Ele foi membro, ainda, do Conselho Permanente da Comissão Nacional para a Igualdade e Contra a Discriminação Racial entre 2015 e 2019, e participou do Grupo de Trabalho para o Censo 2021. De Vancouver, conversou por vídeochamada por quase duas horas com o jornalista Nonato Viegas sobre a luta contra a discriminação em Portugal.

A seguir uma parte da conversa:

Você está há 27 anos na luta contra o racismo. O que o motivou?

Eu faço militância desde os meus 14 anos. Eu nunca tive noção de que ser negro era um problema até chegar à Europa. Nunca. Eu sabia pela história que houve o colonialismo, que houve a escravatura, que são os albergues fundacionais do racismo. Não é que ignorasse isso, porque eu já era panafricanista, militante, mas viver na pele a violência de “ser negro” só senti quando cheguei a Portugal. Eu percebi que ser diferente era um problema. No país onde eu nasci, o Senegal, há pessoas brancas, há mestiços. Eu estudei num liceu de excelência em Dakar, com filhos de diplomatas. Mas nunca me passou pela cabeça essa história de ser negro ou ser branco. 

Cody Glenn / Web Summit

Seu depoimento me lembrou uma amiga.
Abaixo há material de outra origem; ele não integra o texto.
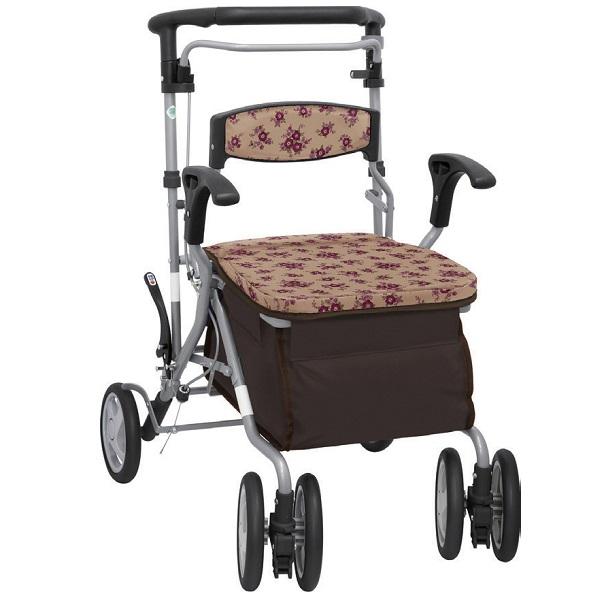 島製作所　シルバーカーデュオ 島製作所 デュオST フローラルBE シルバーカー ボックスタイプ : 介護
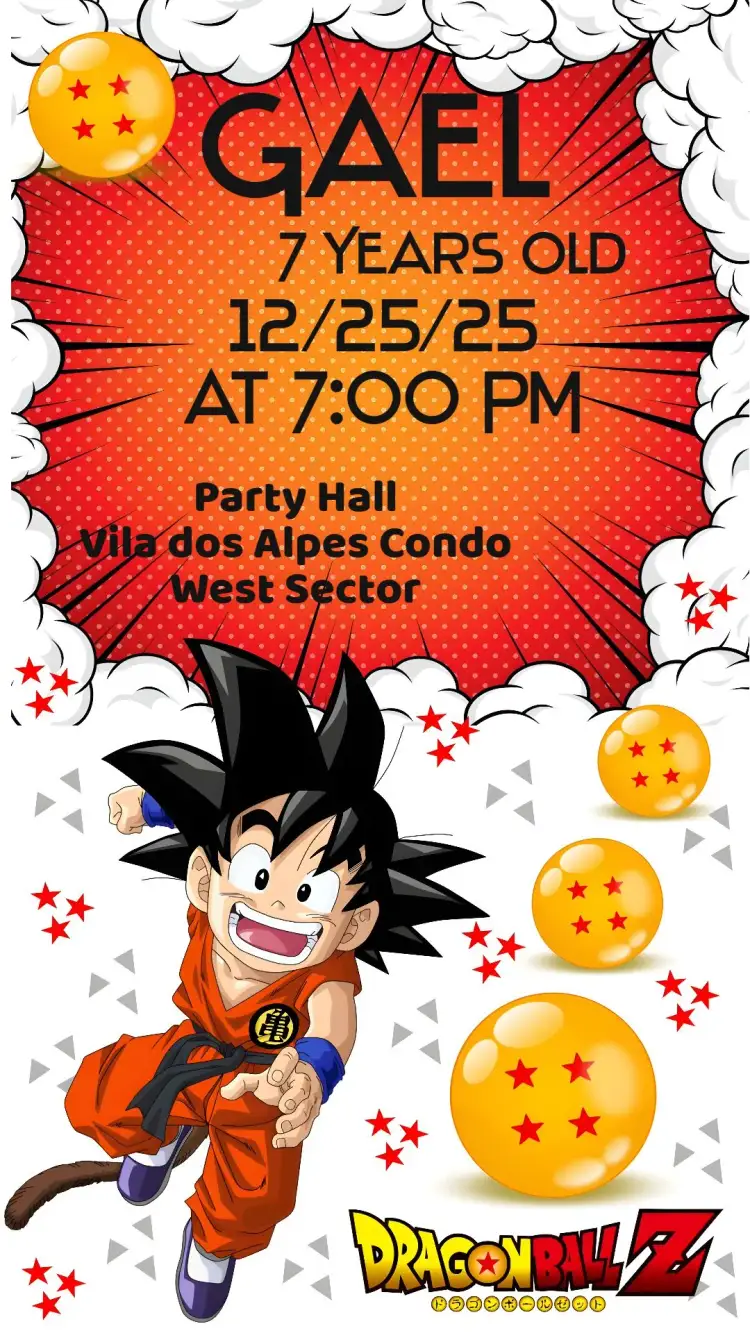 Invitation Dragon Ball Z – Kids' Birthday Party theme vibrant, anime, colorful, youthful, fun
Ela é angolana e só descobriu o racismo quando chegou ao Brasil. Explico: sou brasileiro, uma pessoa preta, ainda que de pele mais clara, mas preta, que nasceu e cresceu numa sociedade estruturalmente racista. Ser preto, portanto, é parte da minha identidade existencial. Significa que, entre outras coisas, você é obrigado a desenvolver estratégias de sobrevivência. Desde coisas simples, como não mexer na mochila ou nos bolsos da calça dentro de uma loja, até a evitar o contato com a polícia. Às vezes, a estratégia salva a vida. A minha amiga, sendo angolana, não sabia o que é ser uma pessoa preta dentro deste contexto. Eu brincava que ela sabia e conhecia o que é ser branco em seu contexto de Angola e que, só no Brasil, ela descobriu a sua negritude. Essa experiência existencial de ausência do racismo que você e ela experimentaram, e que brancos normalmente conhecem bem, eu não tenho a menor ideia.
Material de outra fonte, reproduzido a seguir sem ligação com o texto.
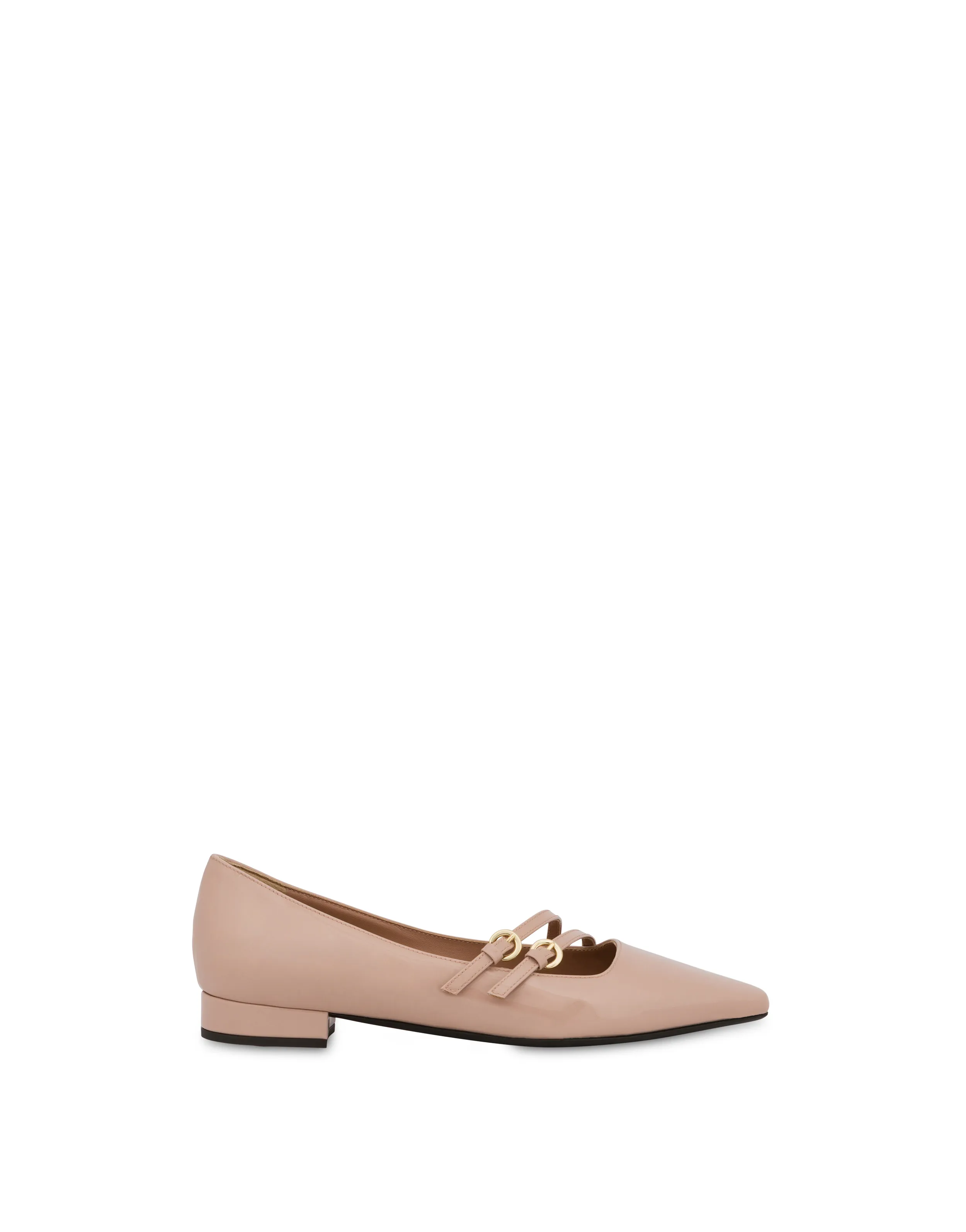     Linea Pollini Ballerine In Vernice Bi-buckle Antico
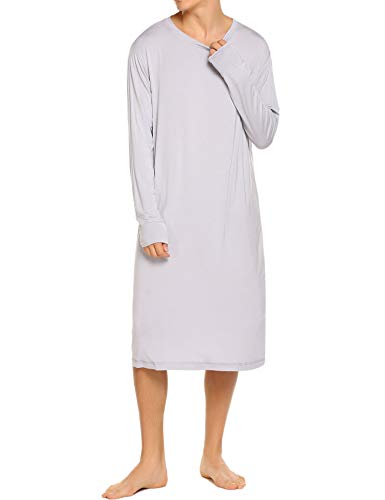 Ekouaer Sleepwear Men's Long Sleeve Nightshirt Long Nightgown Soft Pajamas Sleep Shirt, Grey, Small #TOP2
Meus filhos e as minhas filhas estão conscientemente antirracistas e emocionalmente maduros. Eles cresceram muito para aprender a fazer com que não sejam eles a carregar o fardo de serem negros. Meu filho mais novo, quando se lhe pergunta “tu és de onde?”, ele responde sempre com um sorriso e diz “sou de Massamá”. Massamá não é obviamente um país. Mas aquilo é uma forma muito inteligente de se defender das perguntas loucas que fazem a pessoas que não são brancas em Portugal e não são vistas como naturalmente portuguesas. Pes- soas não brancas são sempre tidas por supostas estrangeiras. A pessoa diz: “E os teus pais, e os teus avós?”. Porque o racista arranja sempre uma maneira de fazer com que tu não te sintas parte da comunidade. Tenta arranjar, mes- mo que seja de uma forma sutil, uma maneira de fazer entender: “Olha, tu estás aqui, mas tens que te lembrar que não és daqui”.

Ao que você atribui esse comportamento?

À falta de fazer uma ruptura com o racismo estrutural na sociedade portuguesa. Porque não se educou as pessoas a olhar para as partes hediondas desta nossa história. Não é julgar a história. Isto é um discurso tão pobre e tão preguiçoso... Ninguém está aqui a julgar as pessoas. A história, as responsabilidades, estão estabelecidas. Se sabe quem colonizou quem, quem escravizou quem. Qual lição tiramos do nosso passado? A lição é: a gente percebe que há um déficit de igualdade entre pessoas na sociedade. Esse déficit de igualdade você tem por causa de uma dívida histórica. Construiu-se uma narrativa de que há determinadas pessoas que são superiores a outras. E esta é a ideia que nos persegue até hoje e que faz com que agora haja racismo, haja xenofobia. Então, em vez de perder muito tempo sobre “não julgar a história” — isso é anacrônico—, o que vamos fazer para que as consequências da história não se sintam hoje no presente?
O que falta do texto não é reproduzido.